Money Market or Market Returns…Sh​ould You Know??

For those in your fifties or sixties, think back to your first job when you entered the work force.  I still remember how ecstatic I was when I landed that summer job at an amusement park that paid me $1.50 per hour.  Back in 1980, the minimum wage was pegged at $3.10 per hour.  So, if you were earning $20,000 per year, chances are you were really living quite well.

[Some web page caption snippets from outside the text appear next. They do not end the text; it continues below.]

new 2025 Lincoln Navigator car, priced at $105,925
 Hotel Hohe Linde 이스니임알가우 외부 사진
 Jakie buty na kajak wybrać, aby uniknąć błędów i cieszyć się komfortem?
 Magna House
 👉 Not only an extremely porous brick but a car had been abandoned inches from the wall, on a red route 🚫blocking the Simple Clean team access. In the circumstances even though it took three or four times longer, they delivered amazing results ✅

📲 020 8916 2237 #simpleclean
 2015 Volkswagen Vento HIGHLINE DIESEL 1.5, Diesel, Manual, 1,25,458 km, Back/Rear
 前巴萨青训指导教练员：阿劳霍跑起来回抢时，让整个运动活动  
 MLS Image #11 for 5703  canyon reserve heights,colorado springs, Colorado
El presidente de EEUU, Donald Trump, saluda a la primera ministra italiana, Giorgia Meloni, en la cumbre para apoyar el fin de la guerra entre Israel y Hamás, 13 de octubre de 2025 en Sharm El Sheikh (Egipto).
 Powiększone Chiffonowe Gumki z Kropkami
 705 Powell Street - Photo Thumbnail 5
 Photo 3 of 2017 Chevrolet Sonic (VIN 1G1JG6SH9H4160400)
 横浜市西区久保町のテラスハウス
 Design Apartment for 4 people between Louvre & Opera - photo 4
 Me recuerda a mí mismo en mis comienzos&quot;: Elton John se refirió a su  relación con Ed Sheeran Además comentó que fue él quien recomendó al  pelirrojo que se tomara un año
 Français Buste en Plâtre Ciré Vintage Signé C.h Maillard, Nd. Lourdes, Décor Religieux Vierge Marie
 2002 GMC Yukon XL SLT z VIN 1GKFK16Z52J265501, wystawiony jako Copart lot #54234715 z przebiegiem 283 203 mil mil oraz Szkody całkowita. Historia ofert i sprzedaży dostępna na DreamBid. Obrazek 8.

Can you live on that kind of income now?  I would venture a guess that your income, from all sources, is now a lot higher than that.  So why can’t you live on an annual income stream of $20,000 today?  The answer is quite simple.  It is the ravishing effect of inflation.  Inflation means loss of purchasing power.  It creeps up on you year after year after year.  How about those of you who are now in your twenties or thirties?  Perhaps you think you are earning a good income.  The same thing will happen to you.  Just a little bit of annual inflation can erode the purchasing power of that salary, just as it did to your parents and grandparents. Just wait and see!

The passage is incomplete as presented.